Find vector of expected values ​​and covariance matrix

Question

For vector (X,Y) with density

$f(x,y)=C exp \{ -4x^2-6xy-9y^2 \}$

find constans C, vector of expected values ​​and covariance matrix.
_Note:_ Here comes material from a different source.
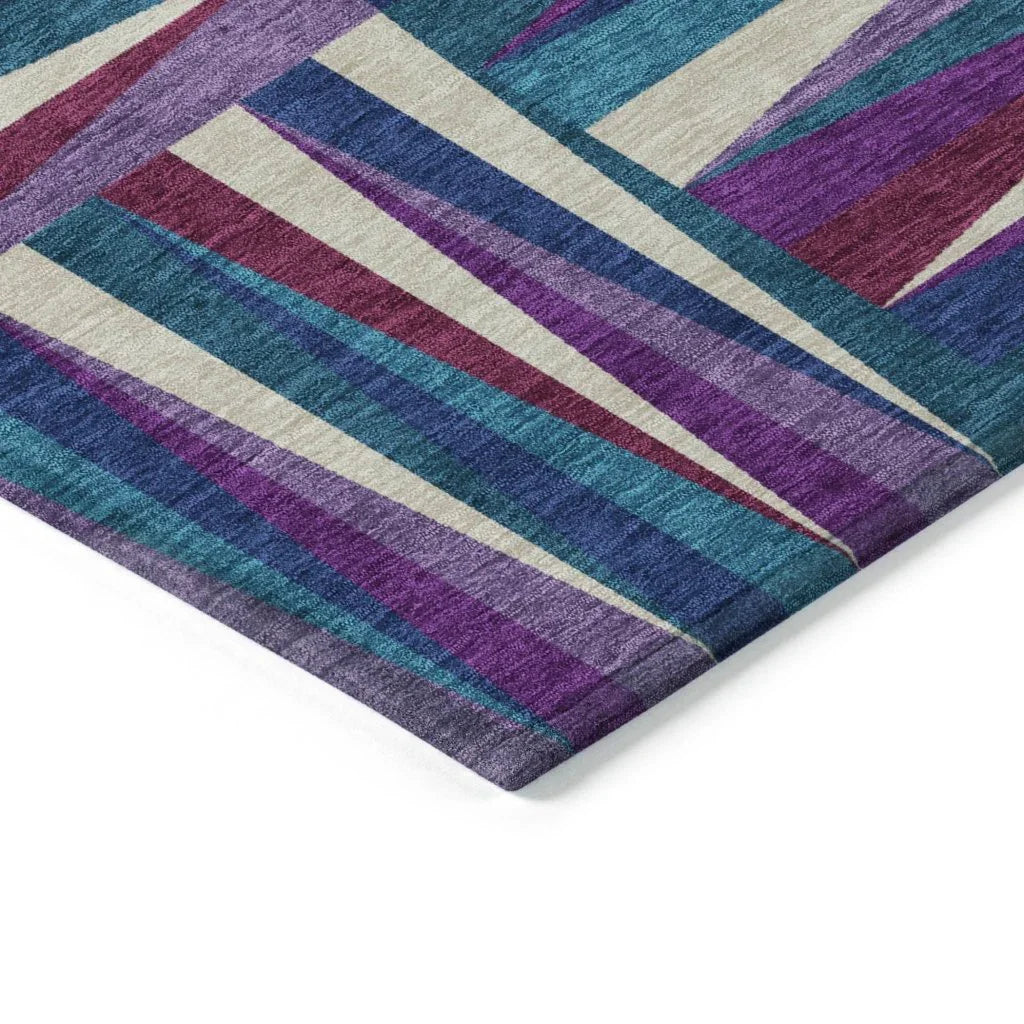 LOOMLAN Rugs Azura Purple Washable Indoor-Outdoor Rug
How to do this kind of exercises?

Answer 1

$$f(x,y)=C \exp(-4x^2-6xy-9y^2)$$

The form is clearly a normal, the bivariate case is the next: $$ f(x,y) = \frac{1}{2 \pi \sigma_x \sigma_y \sqrt{1-\rho^2}} \exp\left( -\frac{1}{2(1-\rho^2)}\left[ \frac{(x-\mu_x)^2}{\sigma_x^2} + \frac{(y-\mu_y)^2}{\sigma_y^2} - \frac{2\rho(x-\mu_x)(y-\mu_y)}{\sigma_x \sigma_y} \right] \right)$$

How there is no constant in the expression the guess is $\mu_x=\mu_y=0$

$$ f(x,y) = \frac{1}{2 \pi \sigma_x \sigma_y \sqrt{1-\rho^2}} \exp\left( -\frac{1}{2(1-\rho^2)}\left[ \frac{x^2}{\sigma_x^2} + \frac{y^2}{\sigma_y^2} - \frac{2\rho xy}{\sigma_x \sigma_y} \right] \right)$$

Then looking in your density:

$$2(1-\rho^2)\sigma_x^2=\frac{1}{4}$$ $$2(1-\rho^2)\sigma_y^2=\frac{1}{6}$$ $$\frac{(1-\rho^2)}{\rho}\sigma_x \sigma_y=-\frac{1}{9}$$

Once you have those values:

$$C=\frac{1}{2 \pi \sigma_x \sigma_y \sqrt{1-\rho^2}}$$

Answer 2

Note that $$ 4x^2+6xy+9y^2=9\left(y+\tfrac13x\right)^2+3x^2, $$ and that, for every positive $a$, $$ \int_\mathbb R\mathrm e^{-az^2}\,\mathrm dz=\sqrt{\frac{\pi}a}, $$ hence $$ \iint\mathrm e^{-4x^2-6xy-9y^2}\,\mathrm dx\mathrm dy=\int\mathrm e^{-3x^2}\int\int\mathrm e^{-9\left(y+\tfrac13x\right)^2}\mathrm dy\mathrm dx $$ is $$ \int\mathrm e^{-3x^2}\sqrt{\frac{\pi}9}\mathrm dx=\sqrt{\frac{\pi}3}\,\sqrt{\frac{\pi}9}=\frac\pi{3\sqrt3}. $$ This shows that $$ C=\frac{3\sqrt3}\pi. $$ The decomposition of the binomial we started with also shows that, if $$ Z=Y+\frac13X, $$ then $(X,Z)$ is a centered independent normal vector with variances $$ \sigma^2_X=\frac16,\qquad\sigma^2_Z=\frac1{18}. $$ To see this, simply note that the change of variable formula shows that the density of $(X,Z)$ is proportional to $$ \mathrm e^{-3x^2-9z^2}=\mathrm e^{-x^2/(2\sigma_X^2)}\,\mathrm e^{-z^2/(2\sigma_Z^2)}. $$ Finally, $Y=Z-\frac13X$ hence $\sigma^2_Y=\sigma^2_Z+\frac19\sigma^2_X$ and $\mathrm{Cov}(X,Y)=-\frac13\sigma^2_X$, hence you are done.